Most returning Skyrim players will recognize the humble clifftop city of Solitude, and it really is back! The entire city, both interior and exterior locales, appear to be 1:1 replicas of the original, or at least they appear that way at first glance. Of course, some details are missing, such as the decorative pennant banners strung over Solitude’s town square in the original Skyrim, but that’s to be expected, even from such a faithful recreation as this.

Making their entrance in place of Molag Bal’s Dolmens from the base game, the new Harrowstorms are nothing to fool around with. As you approach them, the surrounding environment thickens with red fog, and you’re forced to face a horde of Vampires, zombies, and whatever else comes out of a Harrowstorm. I immediately noticed how far less solo-able these Harrowstorms are than their vanilla Dolmen counterparts, which can be taken down with a reasonable amount of force from a CP810 character. It’s worth noting that, while Harrowstorms are dangerous, they’re far more manageable for a small group than the dragon battles introduced in Elsweyr.

Blackreach is back as well, and it has also gotten a significant expansion from what fans might remember. The original zone of Blackreach from Elder Scrolls 5: Skyrim still exists in one of four massive underground cavern structures, but that’s just the thing — it’s now one of four massive underground cavern structures, each constituting their own “zone within a zone” that shows off just how truly dedicated this dev team has been to fully fleshing out the entirety of Blackreach, not just one small part of it.

And when I say “zone within a zone,” I mean that you can find Harrowstorms, delves, public dungeons, and even entire towns nestled between each quadrant of Blackreach.
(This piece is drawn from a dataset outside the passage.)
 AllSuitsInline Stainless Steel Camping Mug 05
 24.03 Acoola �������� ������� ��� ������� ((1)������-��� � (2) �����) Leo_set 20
And Blackreach itself is huge.

Each of the four main caves has its own style and aesthetic too, making it worth exploring every nook and cranny that this gorgeous underground cave system can offer. The Vampires that are centric to the story in Greymoor can be sourced back to Fort Greymoor, which really does exist underneath Skyrim inside of the passages of Blackreach. You can actually go there and visit it, and it’s a humbling sight to behold.

Finally, there’s a new 12-person trial called Kyne’s Aegis. I didn’t find enough people to try it out with, so I don’t have any first-hand impressions to share, but the fact that there’s a new trial at all is great news, as there are so few in Elder Scrolls Online to begin with. You can take a boat up there from the Solitude docks when you’re ready.

The Elder Scrolls Online: Greymoor is looking to be far more than a simple nostalgia trip through good old Skyrim. Bringing a potent cocktail of all-new quests, skill reworks, remastered locations, and game systems into the tried-and-true Elder Scrolls Online formula, Greymoor promises to be one of the most compelling chapters in recent years.

You can grab the PC/Mac version of Elder Scrolls Online on May 18. Console owners will have to wait a bit longer, though, as the Xbox One and PlayStation 4 versions of Elder Scrolls Online release shortly after that on June 2.